- Directed by: Karel Reisz
- Produced by: Leon Clore, Robert Adams
- Narrated by: Jon Rollason
- Edited by: John Fletcher
- Music by: John Dankworth
- Release date: 1959;
- Running time: 52 mins.
- Country: United Kingdom

= We Are the Lambeth Boys =

We Are the Lambeth Boys is a 1959 British documentary film directed by Karel Reisz. Filmed in the summer of 1958, it was sponsored by the Ford motor company as part of a 'Look at Britain' series. Lambeth Boys was one of the last films to be made by the Free Cinema movement, and offered a sympathetic portrait of the lives of young working-class people in South London.

==Plot==
The film focuses on the lives and feelings of the young people such as Teddy Boys and girls who attend Alford House Youth Club in Kennington, South London. The protagonists act as if they are not being recorded at all because the film is shot in a naturalistic style. Lambeth Boys features life in the youth club, from dance nights to discussion groups, and life outside the youth club; work in postal sorting offices and factories, time spent with one another on the Kennington Lane estate or in a chip shop after a night out.
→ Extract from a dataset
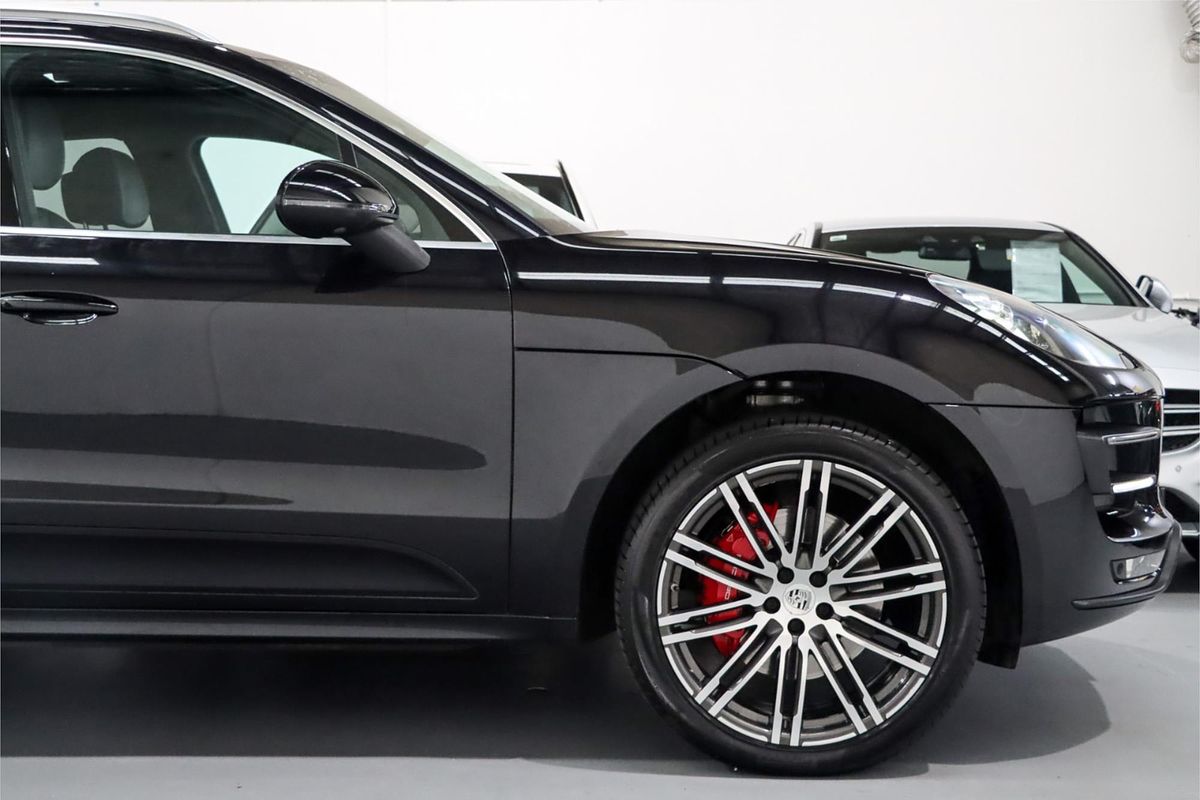 2015 Porsche Macan Turbo 95B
Cricket also features in the documentary; boys practising cricket in the yard of the youth club and then an annual cricket match between the Alford House Youth Club and Mill Hill School, played on a cricket field at the North London public school whose alumni association sponsored the Kennington youth club. After the match the boys are driven home on the back of a truck. They travel through the West End, singing songs and calling out to passers-by.

==Music==
Jazz musicians Johnny Dankworth and His Orchestra provided the soundtrack for the film.

==Release==
Lambeth Boys won the Grand Prix at the Tours Festival Of Short Film in December 1959. The song "Spring-Heeled Jim" by English singer, songwriter and author Morrissey (released in 1994 on the album Vauxhall and I) contains dialogue from the film.